The ISO 8211 standard text has the following paragraph:

The order of fields and their types specified with format controls shall correspond to the data field when the format controls shall be traversed from left to right expanding the nested terms from the left. If the data field is not exhausted, the format shall repeat from the left-hand parenthesis corresponding to the next to the last right-hand parenthesis not including those parentheses used to delimit field width and using the associated repetition factor if any. If there is no such right-hand parenthesis, format control shall revert to the first left parenthesis of the format specification.

It unambiguously referrers to parenthesis only when determining which part of the format controls repeats indefinitely.

DavidGrant-NIWC commented 7 months ago

For this repo, the question is whether the datasets should conform to the current S-101/S-100 specs, or if the data should be "corrected".

In my opinion, test datasets should reflect the spec as written so that problems such as this one can be discovered. The underlying issue should be addressed at the S-100 level (thankfully, S-101 doesn't duplicate the explicit formatting information for the data descriptive fields).

Recommend this issue is marked invalid and closed.

himikof commented 7 months ago

To be completely clear, I do not advocate for changing the test datasets to be not in line with S-101/S-100 specs. I wanted to ensure that the existing inconsistencies with specs are resolved, and, additionally, to clarify the question of their compliance to the underlying format standard (as I assumed {} part was not literal in S-100 spec). If the second part needs to be resolved as a part of S-100 process, that is completely fine, and should not be part of this issue. But fully changing the test dataset to match the existing S-100 DDF definitions should be worthwhile regardless, as there is a present mismatch.

himikof commented 7 months ago

@plebihan29n Thank you for updating the PowerUp dataset! I see no issues with format controls there now, but there is a new problem with backslash usage in the vector labels:

RCNM!RCID!ENSP!ENED!PRSP!PRED!PROF!DSNM!DSTL!DSRD!DSLG!DSAB!DSED\*DSTC

should have two literal backslashes (according to S-100 and ISO 8211)

RCNM!RCID!ENSP!ENED!PRSP!PRED!PROF!DSNM!DSTL!DSRD!DSLG!DSAB!DSED\\*DSTC

This new problem affects DSID, INAS, C3IL, FASC in the same way.

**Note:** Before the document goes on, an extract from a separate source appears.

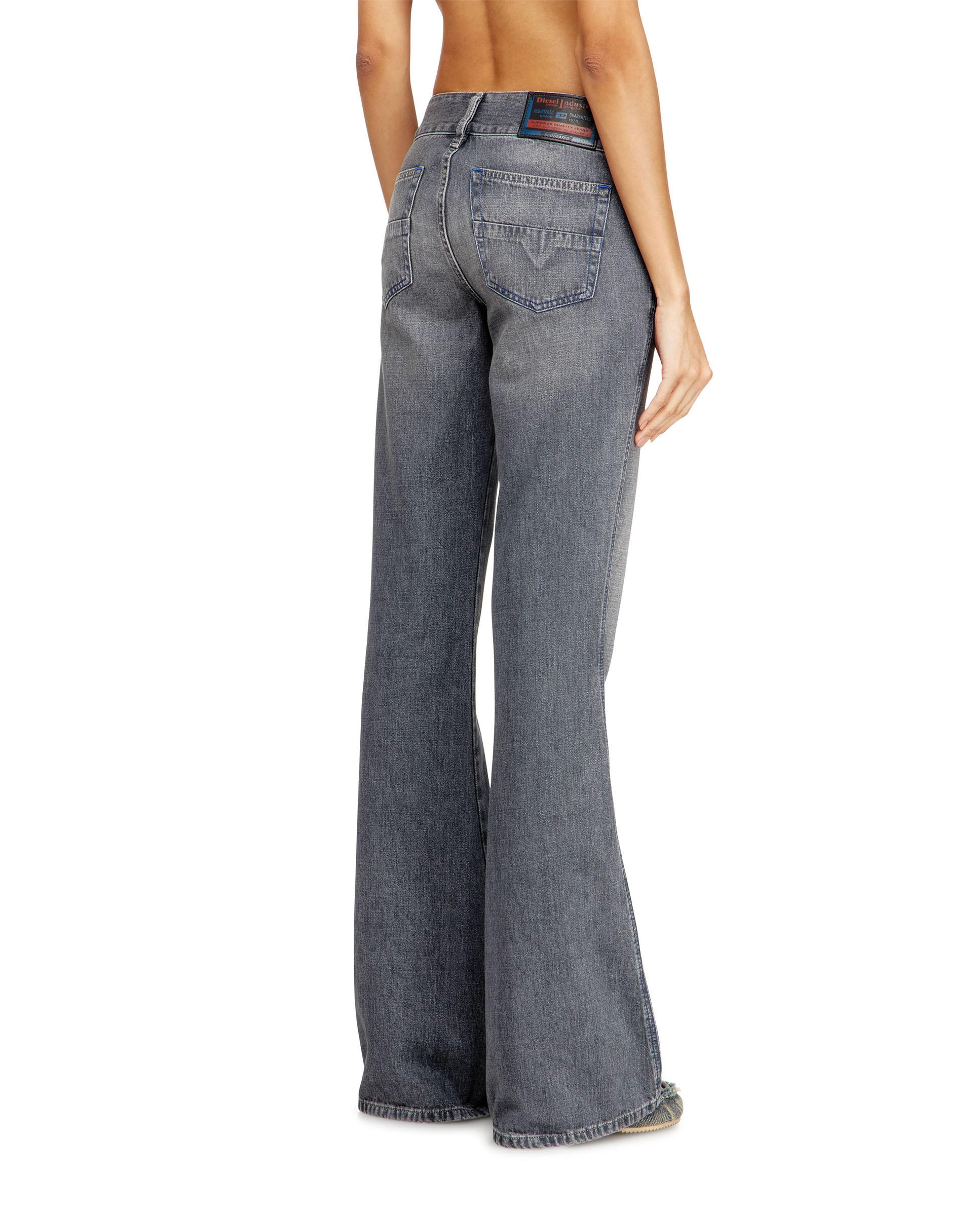 Vaquero recto de mujer DIESEL fit bootcut con bolsillos parche - Gris Gris-2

plebihan29n commented 7 months ago

@himikof Sorry again, hope this is good now. If yes I will regenerate DDR on all S-164 datasets

himikof commented 7 months ago

@plebihan29n I've checked the DDRs for the updated Power Up dataset, and I see no problems there. Thank you for tackling this issue!

TomRichardson6 commented 7 months ago

Closed but passed to S-100WG chair by S-101PT chair so that this is considered at the S-100 level.